Location: Physiology and Pathology of Tree Fruits ResearchTitle: Impacts of anaerobic soil disinfestation carbon source on dynamics of the soil metabolome and microbiome
|KLARER, EMMI - Washington State University|
|HEWAVITHARANA, SHASHIKA - Washington State University|
Submitted to: Phytopathology
Publication Type: Abstract Only
Publication Acceptance Date: 4/6/2019
Publication Date: 10/25/2019
Citation: Klarer, E., Hewavitharana, S., Rudell Jr, D.R., Mazzola, M. 2019. Impacts of anaerobic soil disinfestation carbon source on dynamics of the soil metabolome and microbiome. Phytopathology. 109:S2.69.

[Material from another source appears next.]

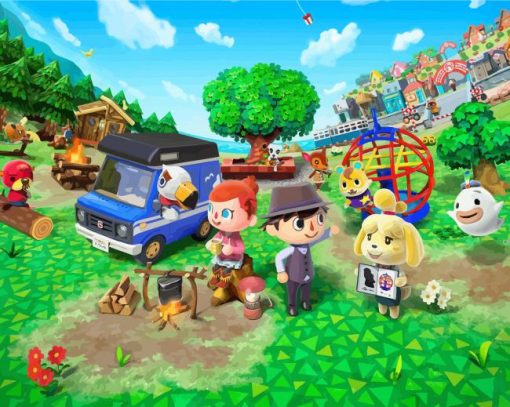 The Animal Crossing Art Diamond Painting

Technical Abstract: Anaerobic soil disinfestation (ASD) is a pre-plant soil treatment which entails soil incorporation of a labile carbon source, saturation of soil pore spaces with water and subsequent tarping. ASD induces a shift in soil microbiome composition but the relationship between carbon input type and effects on subsequent trajectory of the microbiome and metabolome structure has not been assessed. With the appropriate carbon source, ASD has proven effective in control of specific soil-borne diseases in strawberry, such as Verticillium wilt caused by Verticillium dahliae. However, no such combination has consistently controlled Fusarium wilt in strawberry, caused by Fusarium oxysporum f. sp. fragariae (Fof). The impacts of ASD using different carbon amendments on the soil microbiome and metabolome were characterized over a time-course study conducted in pasteurized and native soils artificially infested with Fof. Carbon inputs tested were ground orchard grass 10 tons ha-1; rice bran 4.9 tons ha-1; ground wheat grass 10 tons ha-1 and compared to no amendment controls. Sampling was performed on days 0, 1, 3, 7, 15, and 21 during ASD and days 24, 28 and 31 post-ASD. DNA extracted from soil was used in quantification of Fof by RT-qPCR. To define potential mechanisms of disease suppression, the soil metabolome was characterized using LC-MS and GC-MS, the soil microbiome was described by amplicon sequencing, and resulting profiles were were analyzed relative to pathogen density.